Determination of uncultured microorganisms based on metagenomics signature or biomarkers at fresh water reservoirs

doi:10.15406/oajs.2018.02.00036

Open Access Journal of

eISSN: 2575-9086

Science

Research Article Volume 2 Issue 1

Determination of uncultured microorganisms based on metagenomics signature or biomarkers at fresh water reservoirs

Pradnya Panchal S, Harshada V Bhairavkar, Pritee Chunarkar Patil

Verify Captcha

Regret for the inconvenience: we are taking measures to prevent fraudulent form submissions by extractors and page crawlers. Please type the correct Captcha word to see email ID.

Rajiv Gandhi Institute of IT and Biotechnology, Bharati Vidyapeeth Deemed University, India

Correspondence: Pritee Chunarkar Patil, Rajiv Gandhi Institute of IT and Biotechnology, Bharati Vidyapeeth Deemed University, Pune, Maharashtra, India, Tel 9730038142, Fax +91-20-24365713

Received: November 14, 2017 | Published: January 10, 2018

Citation: Panchal PS, Bhairavkar HV, Patil PC. Determination of uncultured microorganisms based on metagenomics signature or biomarkers at fresh water reservoirs. Open Access J Sci. 2018;2(1):4-8. DOI: 10.15406/oajs.2018.02.00036

Download PDF

Abstract

Metagenomics is the branch of science which does the direct analysis of genetic material of environmental samples.
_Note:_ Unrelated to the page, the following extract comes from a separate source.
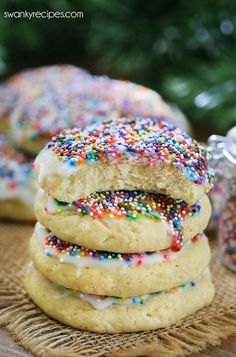 a stack of cookies with sprinkles on top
Maximum microorganisms present in the ecosystem are unculturable. Metagenomics with the expansion in the field of Next Generation Sequencing (NGS) has generated large amount of raw sequence reads of uncultured microbes from different ecosystem. This combination opens door for new metabolites, drug targets, new species and unknown world of new genes could be utilized for the therapeutics. Biomarkers could be utilized as an indicator for the identification of any biological processes, disease genes, metabolites, enzymes, and antibiotics while biosensor is an analytical devise for the detection of analyte with the help of biological component (biomarkers) and physicochemical detector. Current study tried to find probable biomarkers which could be utilized for biosensor development especially for uncultured microorganisms from fresh water ecosystems. We collected all fresh water raw reads from publically available different repositories. After preliminary screening on huge data sets, we performed quality analysis on raw read sequences, generated 10 different conserve domains by multiple sequence alignment. These CDs could be promising biomarkers for the identification of uncultured microbes from fresh water ecosystems which may be pathogenic for humans. DNA hybridization based Biosensor could be synthesized by using by using this biomarker sequences for detecting the presence of uncultured microorganisms (pathogenic/non-pathogenic) in fresh water ecosystem.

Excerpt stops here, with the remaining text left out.